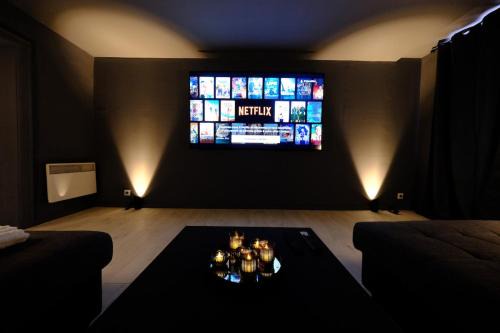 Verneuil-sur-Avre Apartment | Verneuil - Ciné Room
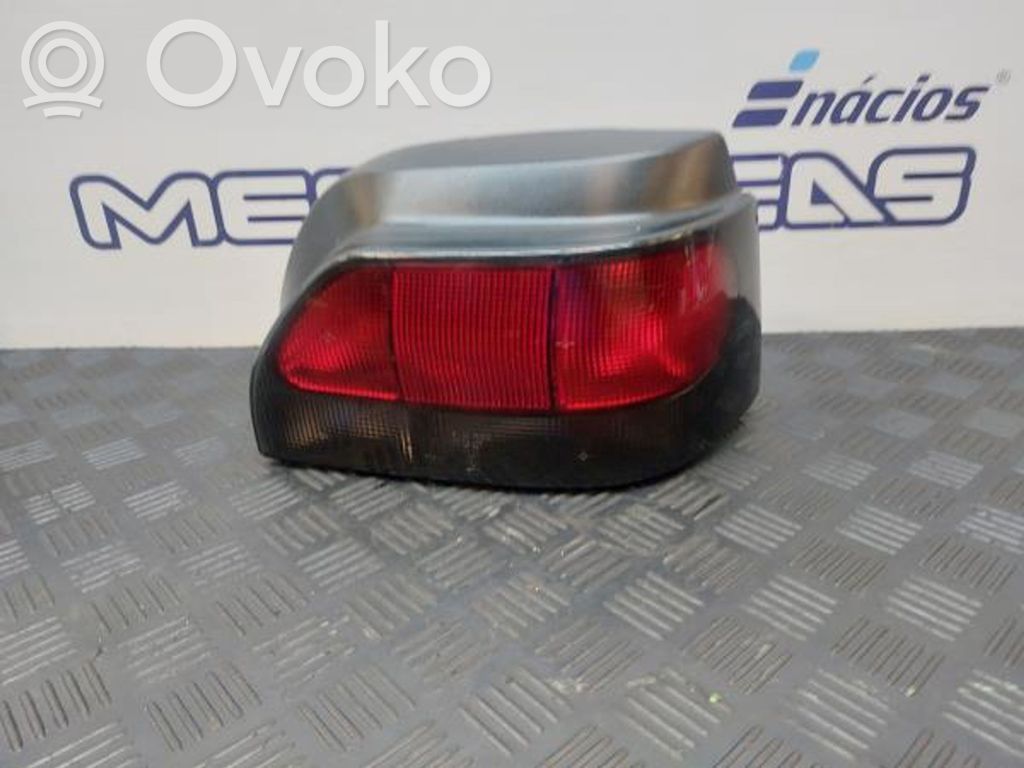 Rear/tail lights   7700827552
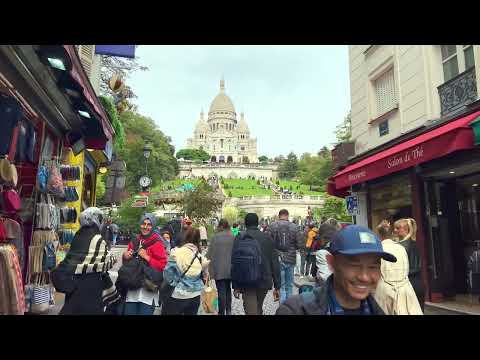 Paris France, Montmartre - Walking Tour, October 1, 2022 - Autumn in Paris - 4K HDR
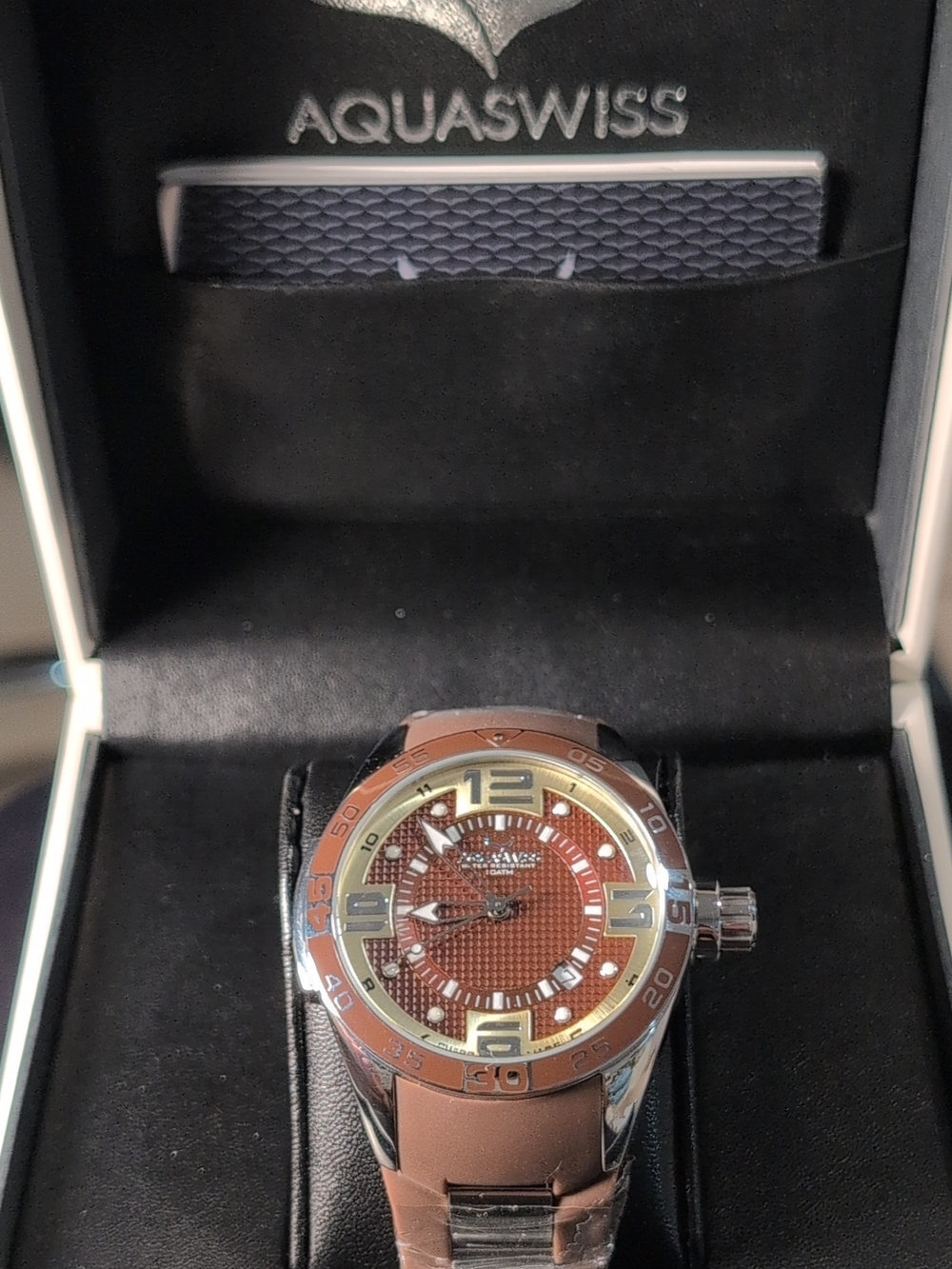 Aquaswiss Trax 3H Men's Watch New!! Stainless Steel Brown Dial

WORK ITEM: No pictures belong in the output. It should reproduce exactly the lines from the one containing "Paris France, Montmartre" through the end of the data, both ends included.

EXPECTED ANSWER:
 Paris France, Montmartre - Walking Tour, October 1, 2022 - Autumn in Paris - 4K HDR
 Aquaswiss Trax 3H Men's Watch New!! Stainless Steel Brown Dial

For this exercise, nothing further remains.